Thursday, September 15, 2016

On the keeping of time

I told this story to a colleague this week, and it seemed worthy of a blog post.

Several years ago I worked for a large healthcare system. We supported more than 40 hospitals in seven states. I worked for the integration team and we developed and managed interfaces between all of their different IT systems.

They used an older mainframe based Patient Management System and a newer EMR. We picked up patient administration messages (ADT) and delivered them to the EHR and various other ancillary systems. We had an audit report that told us when a message took more than one minute to flow from the Patient Management System to the EHR, and we would have to explain why that happened. This was considered an SLA failure. One month we had a particularly high SLA failure report. As a junior developer I drew the short stick and had to investigate these failures.

I could see that we were receiving the ADTs and that they were going out to the EMR in a few seconds, well under the sixty seconds that we were permitted. I scratched my head and at the next status meeting I asked the innocent question "How are these times established." It was explained to me that these were the "system times" in the Patient Management System, the Interface Engine and the EHR. So I then asked the follow up question, "How do we know that the times are in sync?" What followed would be referred to in literature as a "pregnant pause."  Since I asked the question, I was tasked with finding the answer.
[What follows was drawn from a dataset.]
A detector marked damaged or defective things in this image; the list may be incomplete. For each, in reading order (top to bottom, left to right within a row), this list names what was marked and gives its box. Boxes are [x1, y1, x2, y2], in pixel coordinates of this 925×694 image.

The Interface Engine and the EHR ran on unix boxes. These machines synced their time up with a time server at the US Naval Observatory every weekend. So, when I sat down with the EHR tech we verified that the times were in sync. When I sat down with the Patient Management System mainframe tech and we looked at the time in his system, it was a full 40 seconds off from the other two systems. Since that time "started the clock" for SLA purposes, this was an issue.

So I asked him, "How is the time set on your system?" The answer that I got was shocking.

"Well, when we do the quarterly Initial Program Load, whatever tech is performing the reboot looks at his watch and sets the system time to that."

This was a multi-billion dollar organization, and that is how they managed time. I was dumbfounded.

So, I asked, "How should we fix this?"

"Fix what?"

"How do we get the time in the mainframe to be set correctly?"

"The mainframe time is correct."

"Not according to the time servers at the US Naval Observatory."

"Yeah but....."

The mainframe was the center of the universe. The mainframe folks considered that the time in the mainframe was more correct than the US Naval Observatory.

Eventually we agreed upon a procedural fix which would require the tech that was setting the time during the quarterly reboot to bring up the web page of the US Naval Observatory and set the mainframe's time correctly.

Sunday, February 21, 2016

My Experience at MHacks

MHacks is a hackathon at the University of Michigan. My company was a sponsor of the event this year, along with larger, more well known companies like Intel, Target and Disney.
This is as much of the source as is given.